Pandas also contains a command to produce a *density* plot.
* Run the code below to generate density plots for life expectancy and GDP

In [None]:
country_data['Life expectancy at birth 2010'].plot.density()
plt.show()

country_data['GDP per capita (US$)'].plot.density()
plt.show()

**Checkpoint**
> * What shape are the distributions for life expectancy and GDP (unimodal/bimodal and skewness)? 
> * Why do you think these quantities have distributions of this shape?
> * A density plot can appear to show negative values that are not possible for the data due to the smoothing of the function applied. Do any of these density plots show negative values and are they possible for the data?   

### Drawing scatter diagrams and hexagonal bin plots
Pandas can plot a scatter diagram of paired values from two fields defined using `x=` and `y=`
* Run the code below to generate the scatter diagram for life expectancy v GDP

In [None]:
# draw a scatter diagram for life expectancy v GDP
country_data.plot.scatter(x='GDP per capita (US$)', y='Life expectancy at birth 2010')
plt.show()

* In the box below write and run some code that will generate a scatter diagram for birth rate v GDP 

In [None]:
# draw a scatter diagram for birth rate per 1000 v GDP

Pandas can also generate *hexagonal bin plots*. These are similar to scatter plots but group the data into hexagons representing frequency.
* Run the code below to generate the hexagonal bin plot for life expectancy v GDP
* Explore changing the `gridsize`

In [None]:
# draw a hexagonal bin plot for life expectancy v GDP
country_data.plot.hexbin(x='GDP per capita (US$)', y='Life expectancy at birth 2010',gridsize=10, sharex=False)
plt.show()

* In the box below write and run some code that will generate a hexagonal bin plot for birth rate v GDP 

In [None]:
# draw a hexagonal bin plot for birth rate per 1000 v GDP

**Checkpoint**
> * Do these diagrams suggest a link between life expectancy and GDP or birth rate and GDP?

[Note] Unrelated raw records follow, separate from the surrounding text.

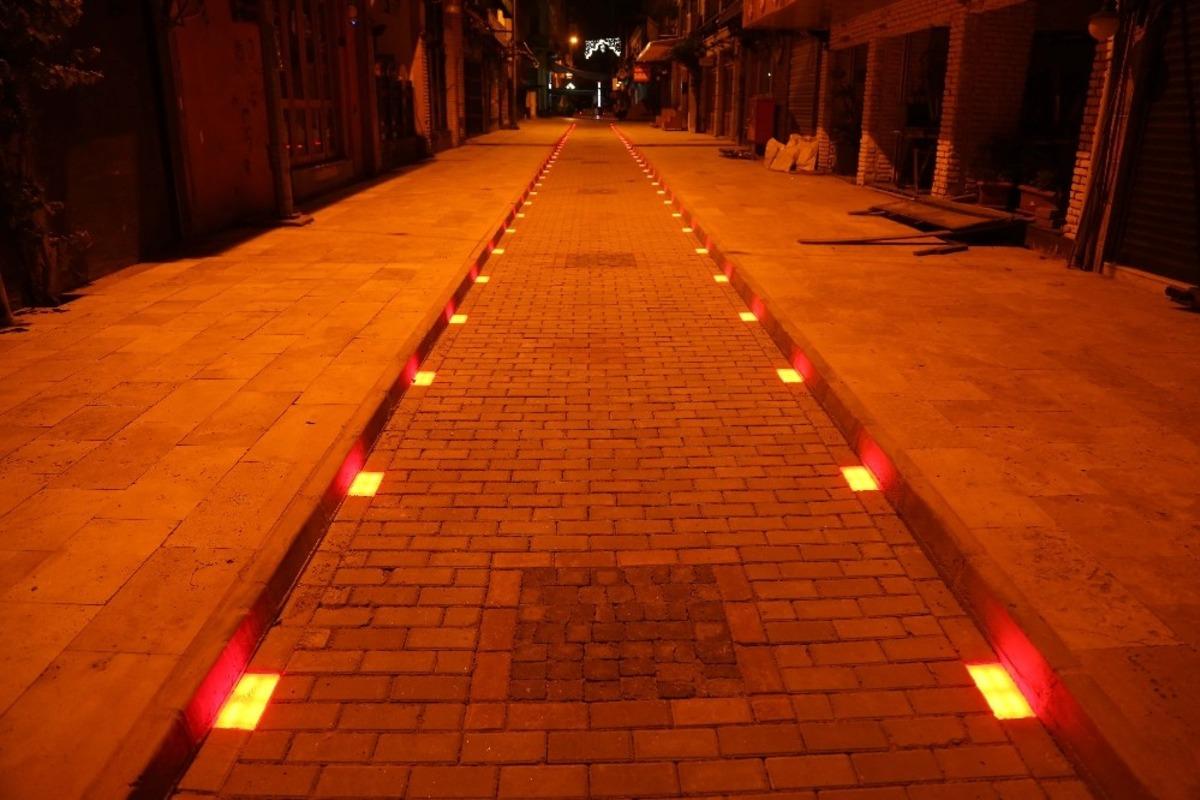 Efeler&rsquo;in yeni sokakları ışıl ışıl oldu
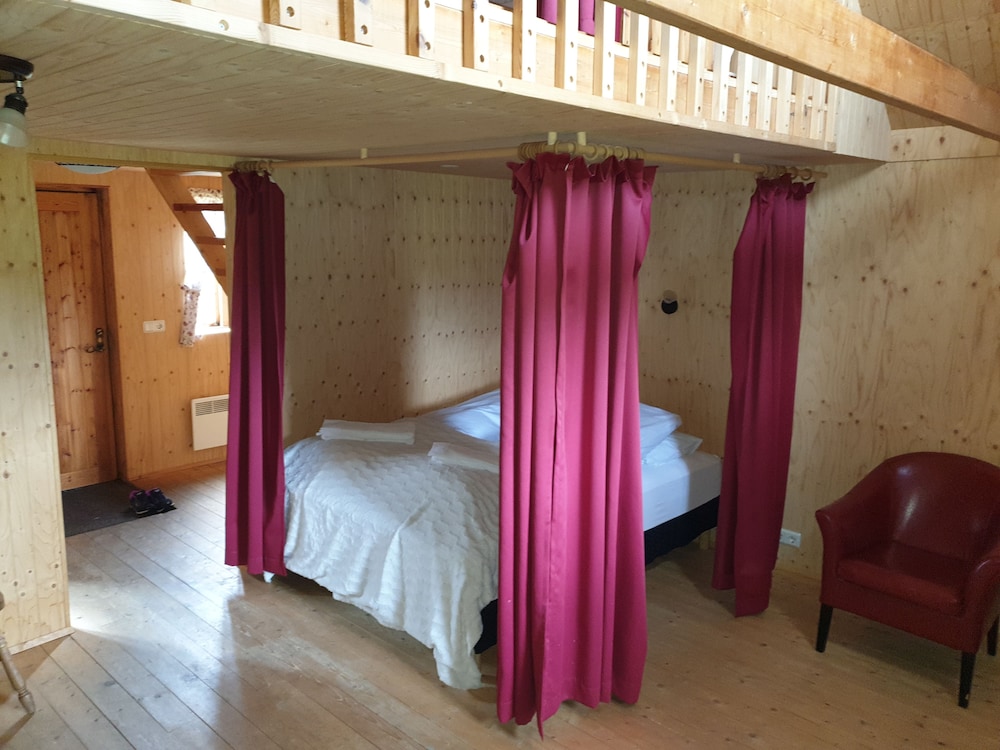 Family Cabin, Non Smoking, Valley View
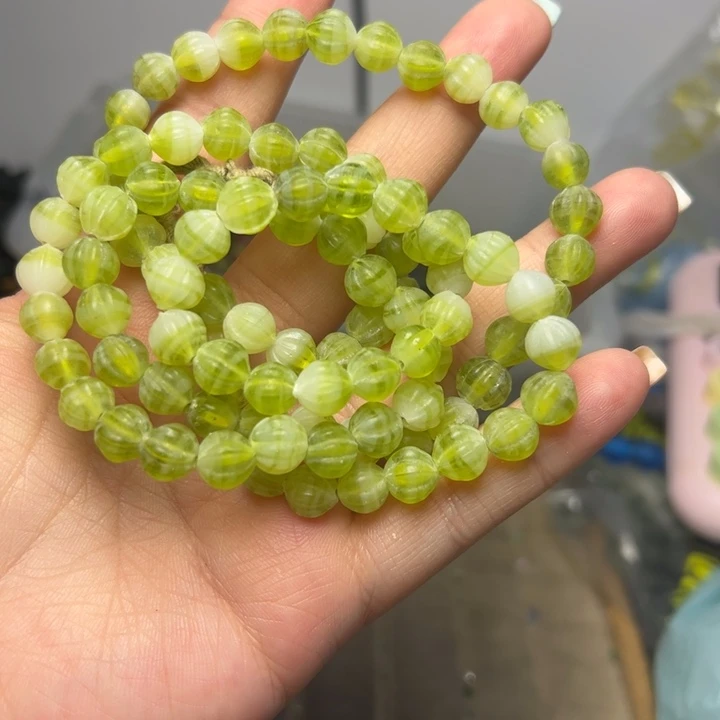 玻璃颈饰1737。    一条福利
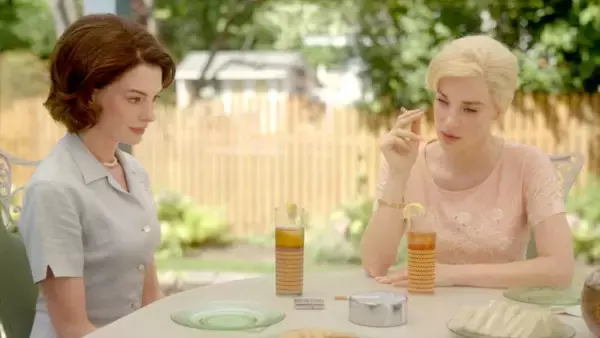 アン・ハサウェイ×ジェシカ・チャステイン『隣人たち』場面写真10点が一挙解禁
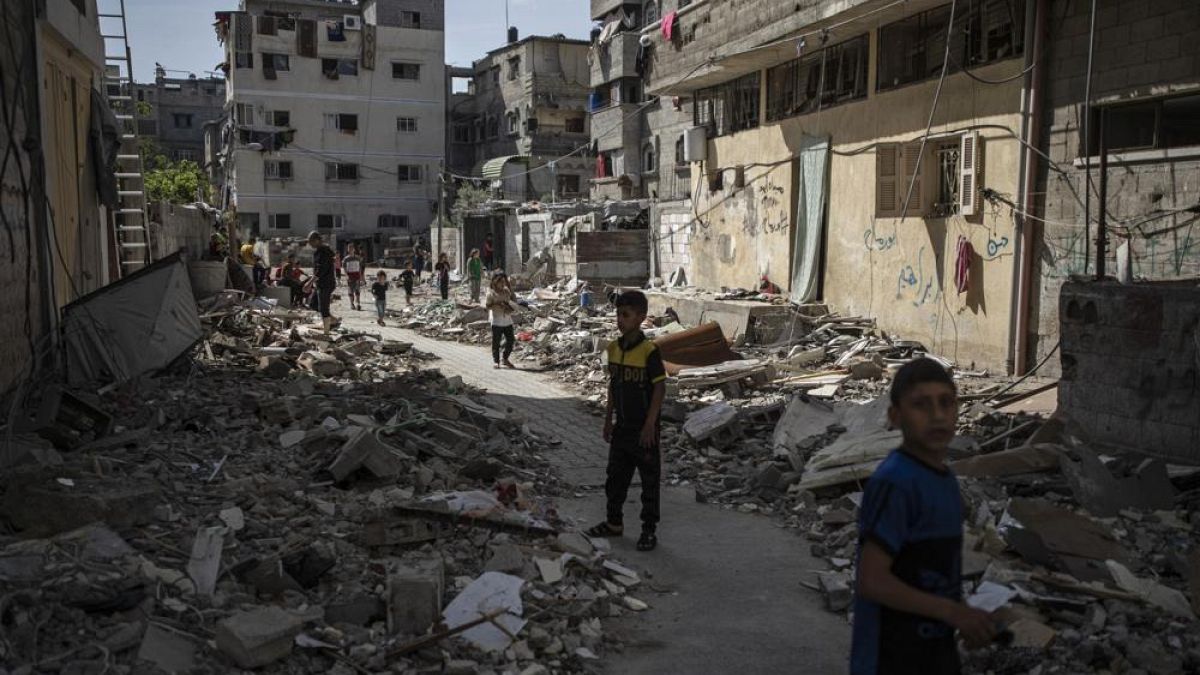 İsrail'in 10 Mayıs'tan bu yana hava ve karadan vurmaya devam ettiği Gazze Şeridi'nde tablo giderek ağırlaşıyor.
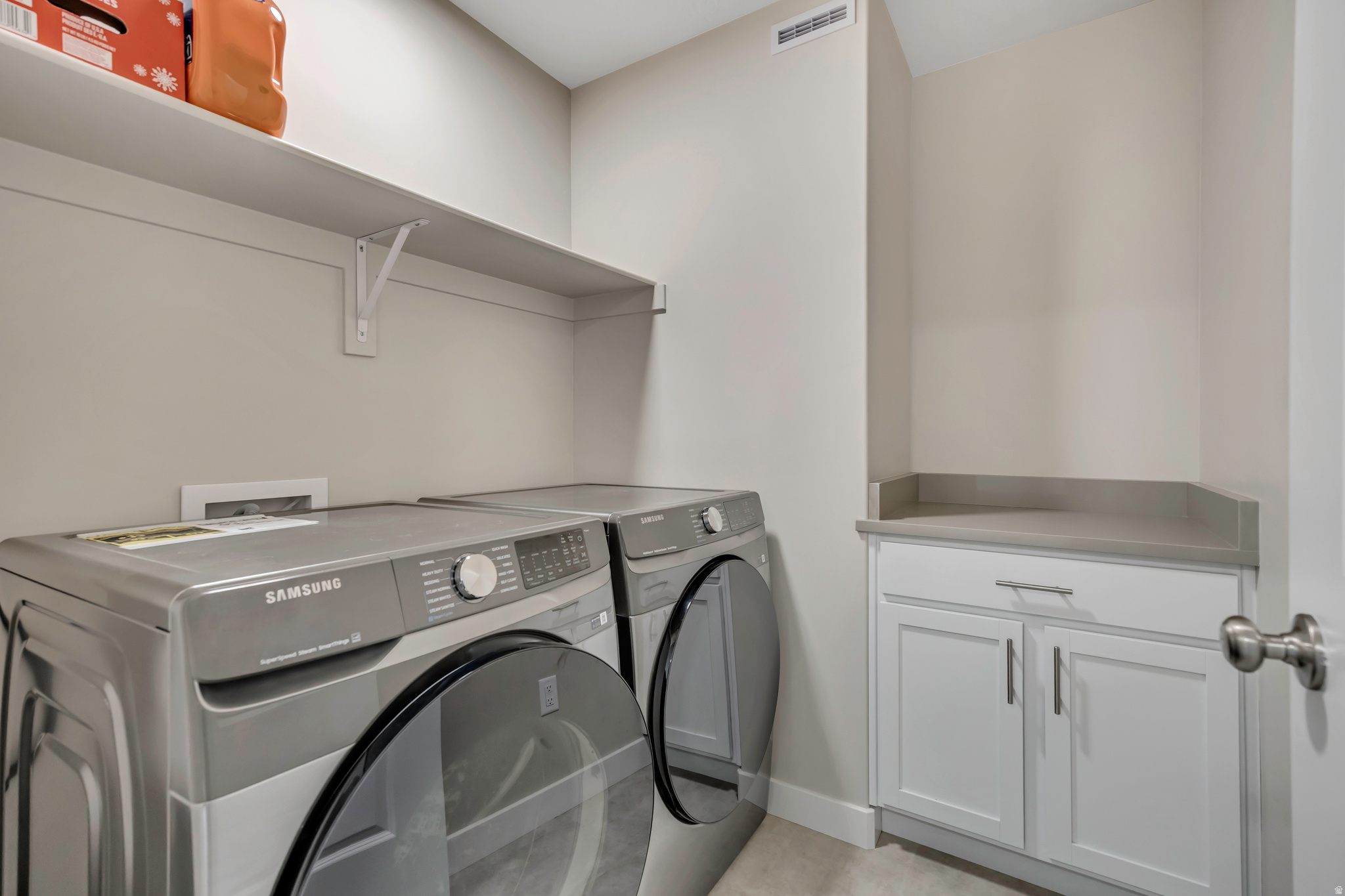 GABLER'S GROVE TOWNS 591 - Residential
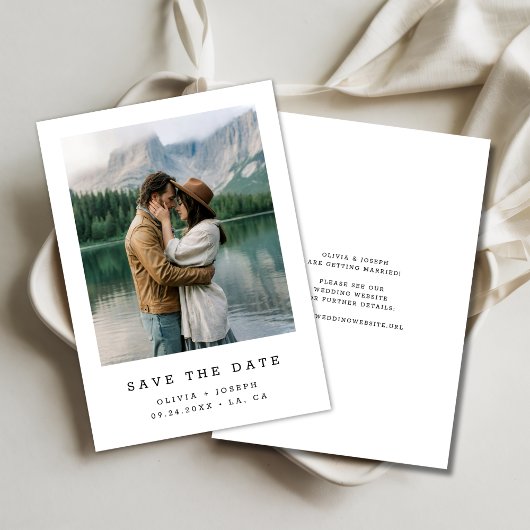 Elegante tijdloze minimale bruiloftsfoto aan het m save the date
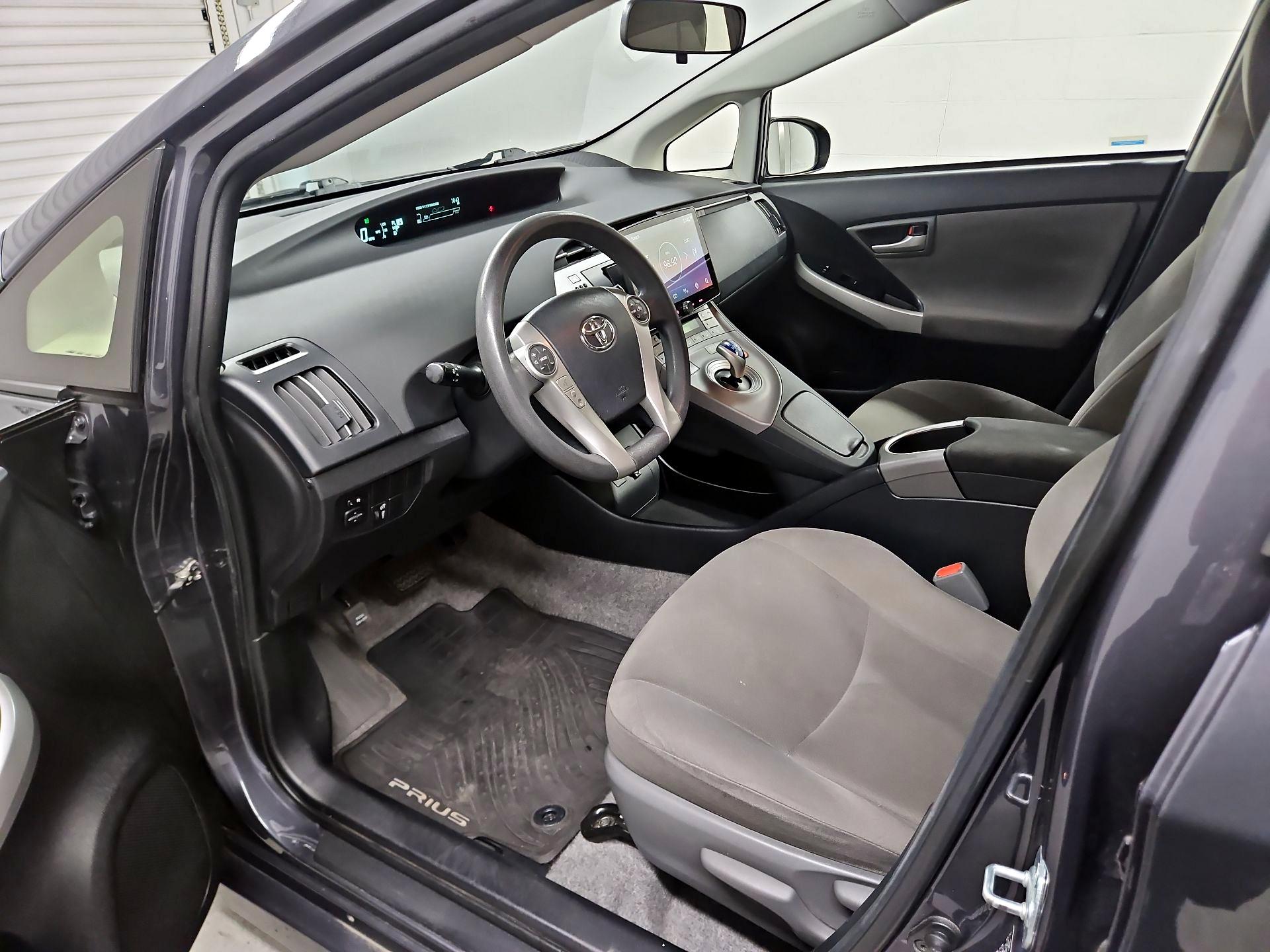 Thumbnail: 2015 Toyota Prius - 11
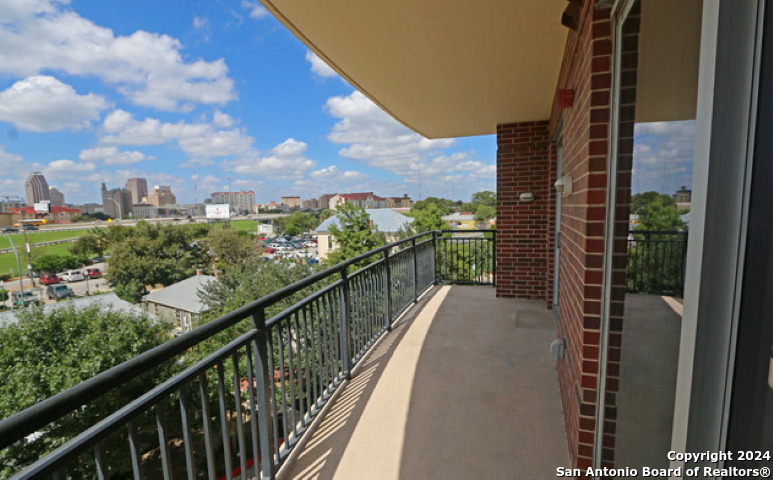 215 Center Street San Antonio TX 78202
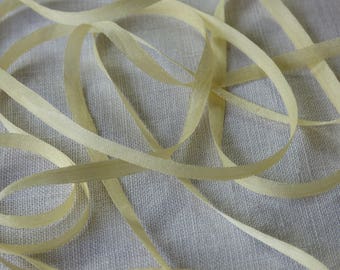 3m of plain-necked silk ribbon. 4mm cream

## Communicating the results
**Checkpoint**
> * Use the charts created to answer the initial problem: *Which factors affect the life expectancy for different countries?*
> * Are there any strengths or weaknesses in using histograms or density plots to display the shape of a distribution?
> * Was the scatter diagram or the hexagonal bin plot more useful in being able to display a link?